Sheffield could not see the missile that fatally damaged her until it was too late to respond and Moskva may have suffered a similar fate. Advanced cruise missiles are now part of many nations’ weapon arsenals and continue to improve in terms of speed, maneuverability, range, and effectiveness. The lessons from both the Moskva and Sheffield cruise missile attacks are not new revelations for naval warfare, but rather the timeless reminder that those who do not prepare their ships and crews to face the most prevalent threats may suffer a tragic fate.
Dr. Steven Wills is a navalist for the Center for Maritime Strategy at the Navy League of the United States. He is an expert in U.S. Navy strategy and policy and U.S. Navy surface warfare programs and platforms. His research interests include the history of U.S. Navy strategy development over the Cold War and immediate, post-Cold War era, and the history of the post-World War II U.S. Navy surface fleet.
Featured Image: The Russian cruiser Moskva following an April 13, 2022 strike from Ukrainian missiles. (OSINT Technical via Twitter)
Agree with all of this. But there are also broader and deeper issues. The best defense in the littoral is to not go there. Thus you need very long range offense, and that is much cheaper to acquire with missiles than aircraft. If you have to venture into a threatened littoral, it is best to do so with vessels that are easier to hide and/or more numerous such that when losses do occur the overall force degrades dradually rather than catastrophically. An offensive missile posture involves less training and maintenance costs than does aviation. I am not saying the Navy does not need carrier aviation, just that duking it out against numerous missile forces in the littoral constitutes misuse of the ship type. There are strategic risk issues connected to command of the sea that are ameliorated via making the fleet’s offense missile- centric. Wayne Hughes taught us about the math of missile salvoes and the implications thereof. The Navy has yet to embrace that lesson.
Thanks Barney!
What about the examples of ships defending themselves from cruise missile attacks in the littorals?
I can think of at least two, 1991 Persian gulf where a near sister of Sheffield defended a US Battleship and a couple of years ago where a US Burke class DDG intercepted / decoyed several cruise missiles shot at her.
The real issue as the author discussed is the readiness and preparedness of the ship and crew.
With a 513Kg warhead, that SY-2 MIGHT have caused some significant damage to the Missouri, but it is worth noting the Pearl Harbor experience.
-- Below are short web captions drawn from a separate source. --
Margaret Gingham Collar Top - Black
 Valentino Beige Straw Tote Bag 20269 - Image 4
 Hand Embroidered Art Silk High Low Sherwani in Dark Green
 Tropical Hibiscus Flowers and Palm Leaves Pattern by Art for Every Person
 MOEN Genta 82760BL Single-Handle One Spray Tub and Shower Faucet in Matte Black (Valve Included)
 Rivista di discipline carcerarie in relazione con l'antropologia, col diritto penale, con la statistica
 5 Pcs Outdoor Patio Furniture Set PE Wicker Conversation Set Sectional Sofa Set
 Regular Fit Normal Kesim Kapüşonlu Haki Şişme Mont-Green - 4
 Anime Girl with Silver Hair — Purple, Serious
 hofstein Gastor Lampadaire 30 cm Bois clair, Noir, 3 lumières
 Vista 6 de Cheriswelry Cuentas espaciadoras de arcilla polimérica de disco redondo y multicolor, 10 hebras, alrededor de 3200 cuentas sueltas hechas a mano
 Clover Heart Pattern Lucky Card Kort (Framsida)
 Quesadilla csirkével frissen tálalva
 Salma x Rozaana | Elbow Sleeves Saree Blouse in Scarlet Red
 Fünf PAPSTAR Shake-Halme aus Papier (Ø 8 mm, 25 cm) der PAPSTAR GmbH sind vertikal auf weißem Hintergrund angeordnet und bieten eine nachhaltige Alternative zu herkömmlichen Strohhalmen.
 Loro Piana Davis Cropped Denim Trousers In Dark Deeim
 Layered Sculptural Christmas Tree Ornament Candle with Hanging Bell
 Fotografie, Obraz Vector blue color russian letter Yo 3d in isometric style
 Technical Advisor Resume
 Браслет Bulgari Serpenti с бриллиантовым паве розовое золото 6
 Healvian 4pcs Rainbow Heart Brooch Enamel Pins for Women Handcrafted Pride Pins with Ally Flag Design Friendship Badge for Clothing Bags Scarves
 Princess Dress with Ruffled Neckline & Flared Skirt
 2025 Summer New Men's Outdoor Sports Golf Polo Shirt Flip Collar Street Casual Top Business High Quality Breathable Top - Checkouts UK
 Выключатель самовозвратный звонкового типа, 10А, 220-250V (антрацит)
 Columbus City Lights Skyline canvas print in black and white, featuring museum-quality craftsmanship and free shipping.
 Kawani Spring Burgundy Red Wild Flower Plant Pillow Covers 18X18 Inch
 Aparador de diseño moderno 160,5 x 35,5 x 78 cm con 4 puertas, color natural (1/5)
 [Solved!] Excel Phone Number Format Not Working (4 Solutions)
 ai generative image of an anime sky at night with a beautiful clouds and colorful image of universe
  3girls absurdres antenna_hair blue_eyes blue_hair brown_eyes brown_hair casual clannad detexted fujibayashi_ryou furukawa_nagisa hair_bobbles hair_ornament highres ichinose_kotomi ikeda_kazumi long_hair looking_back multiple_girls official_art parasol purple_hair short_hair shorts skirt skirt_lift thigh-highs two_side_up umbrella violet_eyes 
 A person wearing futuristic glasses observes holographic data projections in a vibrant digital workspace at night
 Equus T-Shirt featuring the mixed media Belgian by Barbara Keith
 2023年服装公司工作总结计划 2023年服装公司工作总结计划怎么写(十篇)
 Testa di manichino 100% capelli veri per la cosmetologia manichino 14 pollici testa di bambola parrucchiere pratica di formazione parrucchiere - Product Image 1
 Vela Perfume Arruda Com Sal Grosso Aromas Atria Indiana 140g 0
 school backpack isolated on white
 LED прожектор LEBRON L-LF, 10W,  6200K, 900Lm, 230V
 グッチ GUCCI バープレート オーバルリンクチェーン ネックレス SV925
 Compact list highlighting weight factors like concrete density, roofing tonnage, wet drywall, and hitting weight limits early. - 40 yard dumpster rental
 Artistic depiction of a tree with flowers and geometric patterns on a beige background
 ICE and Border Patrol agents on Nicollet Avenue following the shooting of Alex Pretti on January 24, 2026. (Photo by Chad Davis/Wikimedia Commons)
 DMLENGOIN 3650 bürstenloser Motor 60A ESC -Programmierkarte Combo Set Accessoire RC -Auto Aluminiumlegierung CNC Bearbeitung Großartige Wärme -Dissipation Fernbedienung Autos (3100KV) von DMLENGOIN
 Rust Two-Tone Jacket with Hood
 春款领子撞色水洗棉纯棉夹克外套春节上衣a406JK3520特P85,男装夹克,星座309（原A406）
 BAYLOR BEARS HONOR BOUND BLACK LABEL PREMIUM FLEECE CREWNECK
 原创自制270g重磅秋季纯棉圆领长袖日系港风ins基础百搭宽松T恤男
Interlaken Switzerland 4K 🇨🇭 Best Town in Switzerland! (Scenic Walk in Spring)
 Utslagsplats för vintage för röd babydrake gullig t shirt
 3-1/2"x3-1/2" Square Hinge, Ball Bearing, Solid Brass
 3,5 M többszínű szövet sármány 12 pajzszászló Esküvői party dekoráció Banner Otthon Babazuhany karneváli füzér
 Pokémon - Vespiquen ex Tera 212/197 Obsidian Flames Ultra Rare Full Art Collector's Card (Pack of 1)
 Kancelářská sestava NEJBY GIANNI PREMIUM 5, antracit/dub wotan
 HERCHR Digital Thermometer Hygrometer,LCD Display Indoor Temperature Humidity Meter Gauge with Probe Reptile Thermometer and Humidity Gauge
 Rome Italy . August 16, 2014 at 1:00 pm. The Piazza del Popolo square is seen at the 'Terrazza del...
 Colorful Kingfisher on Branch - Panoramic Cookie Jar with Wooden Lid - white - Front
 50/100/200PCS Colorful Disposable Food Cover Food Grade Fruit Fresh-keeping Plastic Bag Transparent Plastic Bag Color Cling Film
For example, two hits by bombs converted from 14″ AP shells failed to penetrate the top armor of Tennessee, which was barely over half of what an Iowa carried. Maryland had two penetrate, but outside the armor belt and the hull was patched for her to sail to Puget Sound within a week. Pennsylvania had a Mk X torpedo from USS Downes launched as a missile at her by an explosion, and the damage in front of the armor belt was patched within 5 days and fully repaired within two months. Six bombs hit Nevada, with the significant damage coming from hits outside the armor belt and a torpedo below it. California settled from flooding from two torpedo hits, but DID take one significant hit from a bomb converted from an AP shell that penetrated the deck armor, half as thick as an Iowa. West Virginia took a significant bomb hit to the unarmored superstructure, but was sank by multiple torpedo hits. Oklahoma’s fatal damage was from torpedoes. Arizona, of course, DID take a catastrophic penetration of the 5″ armored deck, although four other hits did only minor damage. Those do offer some reason to believe that a ship with 6″ armored decks would have stood a reasonable chance of surviving or shaking off a pop-up ASM.
You are right but how will the armor affect in other areas such as engine configuration, speed, and fuel consumption.
Warships prior and during WWII tended to be top heavy in service, the result of their hulls, weapons, and other components being made of various iterations of iron. Radar and other sensors quickly demonstrated their value by the end of the war, replacing the top heavy dilemma with a volume critical issue. Nuclear weapons made armor and its large margin in warships moot, and as well, damage control features were pared away, the result being the loss of HMS Sheffield from a single dud because it was a weak, voluminous structure that had no redundancy in its damage control systems (notorious cost cutting, including an insane predilection with reducing length and displacement with no benefit and great net cost in overall ship utility, also heavily degraded the Type 42 destroyers). Bad warship design is the result of meddling by career types who should learn to get over the love of the sound of their own voice, not cost or lack of viable design solutions.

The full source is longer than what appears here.